Le terme d’urbanisme est apparu voilà à peine plus d’un siècle, alors que toutes les préoccupations qui s’y rattachent, la naissance et le développement des villes, remontent à la plus Haute Antiquité. La définition lexicographique empruntée au « Le Robert » mentionne une « étude systématique des méthodes permettant d’adapter l’habitat urbain aux besoins des hommes ». Mais s’agit-il seulement d’habitat? Non, la ville est plus complexe. Cette adaptation a pris des formes variées suivant les époques et les civilisations. Les cités primitives s’articulent autour du foyer d’une divinité; celle-ci, honorée, était partout présente et dominatrice, prenant parfois des allures terribles et despotiques, comme la cité biblique du dieu Moloch dévoreuse de ses enfants sacrifiés en son honneur.
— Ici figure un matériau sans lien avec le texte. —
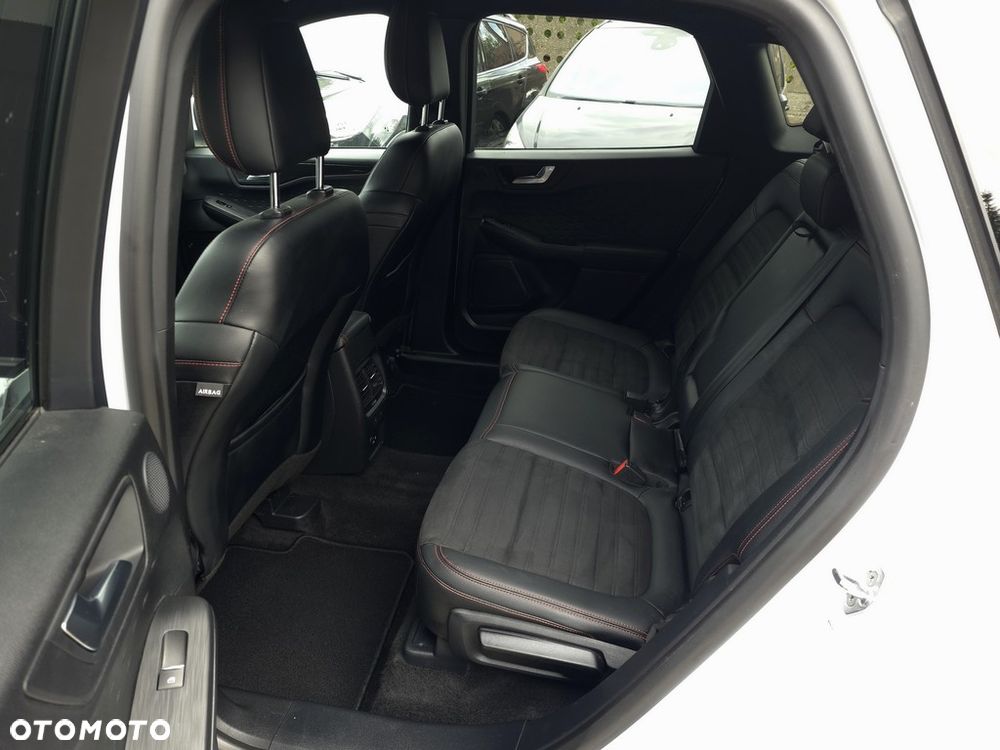 Ford Kuga 2.0 EcoBlue mHEV FWD ST-Line - 9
Plus pacifique-ment, comme l’acropole d’Athènes, c’est une citadelle qui accueillera des sanctuaires comme sur un piédestal, pendant que la société civile quittera ses hauteurs pour venir s’étaler à ses pieds, respectueuse et craintive. Puis, comme à Milet, les dieux s’humaniseront pour venir se fondre dans le tissu urbain, à égalité et sur le même plan que les espaces d’habi-tation, de commerce, de lieux publics et culturels.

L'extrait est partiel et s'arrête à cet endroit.